To answer (b), consider the mapping $\phi : R \to A[s]$ defined by the equation $\phi(t) = ktb$. This is well-defined, since for any $t \in R$, 
\begin{equation}
s(ktb) = (sk)tb = rtb = t(rb) = t(0) = 0.
\end{equation}
Given a triple $t, u, v\in R$,
\begin{equation}
\phi(tu + v) = k(tu + v)b = t(kub) + kvb = t\phi(u) + \phi(v)
\end{equation}
So, $\phi$ is an $R$-homomorphism. 
Now we show that $\text{Ker}(\phi) = (s)$. Given $t \in \text{Ker}(\phi)$, $ktb = 0$ and so $kt\in (r)$. Write $kt = ru$ for some $u \in R$. Since $r = sk$, $kt = ksu$, whence $t = su$ (since $R$ is an integral domain and $k$ is nonzero). Thus $t \in (s)$, showing that $\text{Ker}(\phi) \subset (s)$. On the other hand, $\phi(s) = ksb = rb = 0$. Therefore $(s) \subset \text{Ker}(\phi)$ and consequently $\text{Ker}(\phi) = (s)$. 

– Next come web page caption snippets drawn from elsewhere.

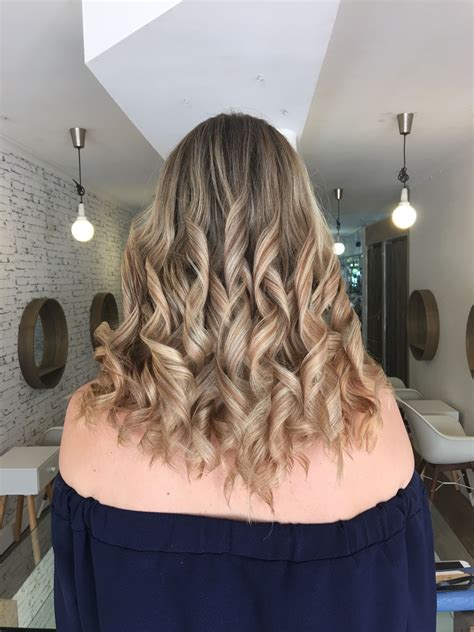 Here's what you need to as its name suggests, the wolf cut is a little wild, thanks to loads of shaggy, wavy layers; Pin by CHLOE HADLEY⚡️ on WOLF & CO. Hair & Beauty | Hair ...
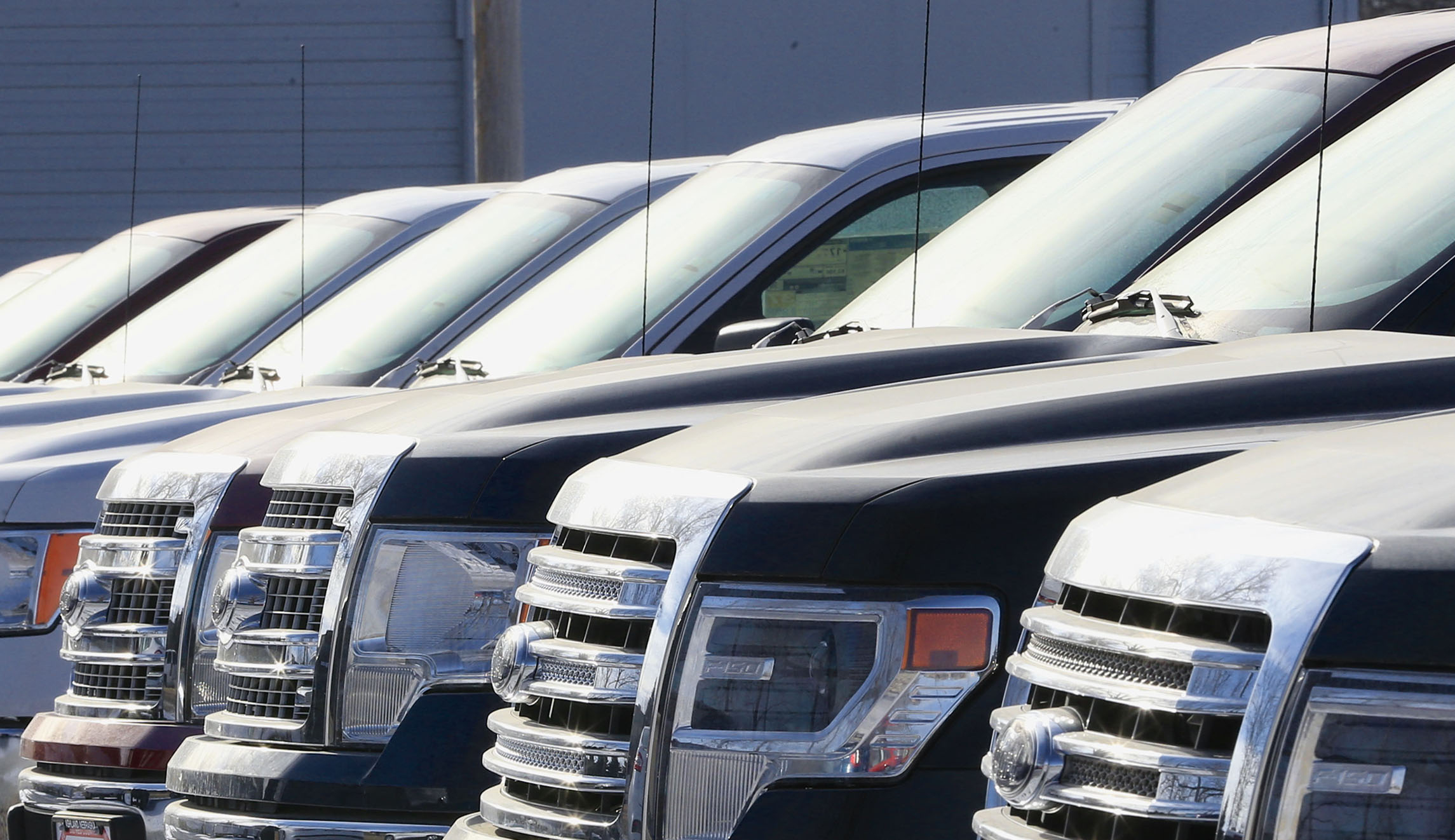 DC to raise fees on truck and SUV owners
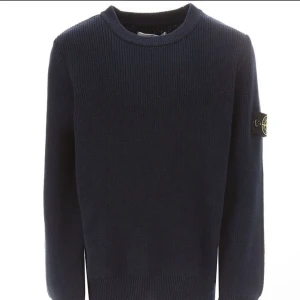 Stone Island Tröja - Säljer min Stone Island Tröja, använd 2 gånger. Den är inom nyskick och finns kvitto som bevis från NK samt NK påse. Ordinarie pris runt 3800kr.Om intresserad finns fler bilder.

The mapping $\phi$ is also onto. For given $a\in A[s]$, $a = tb$ for some $t\in R$ and $sa = 0$, i.e., $stb = 0$. Thus $st \in (r)$, and we can write $st = ru$ for some $u\in R$. Then $st = sku$, implying that $t = ku$. Therefore $\phi(u) = kub = tb = a$.
Since $\phi$ is an onto $R$-homomorphism with kernel $(s)$, the first isomorphism theorem gives $A[s] \cong R/(s)$.
By a similar argument, the mapping $\psi : R \to sA$ defined by the equation $\psi(t) = stb$ is an onto $R$-homomorphism with kernel $(k)$. So $sA \cong R/(k)$ by the first isomorphism theorem.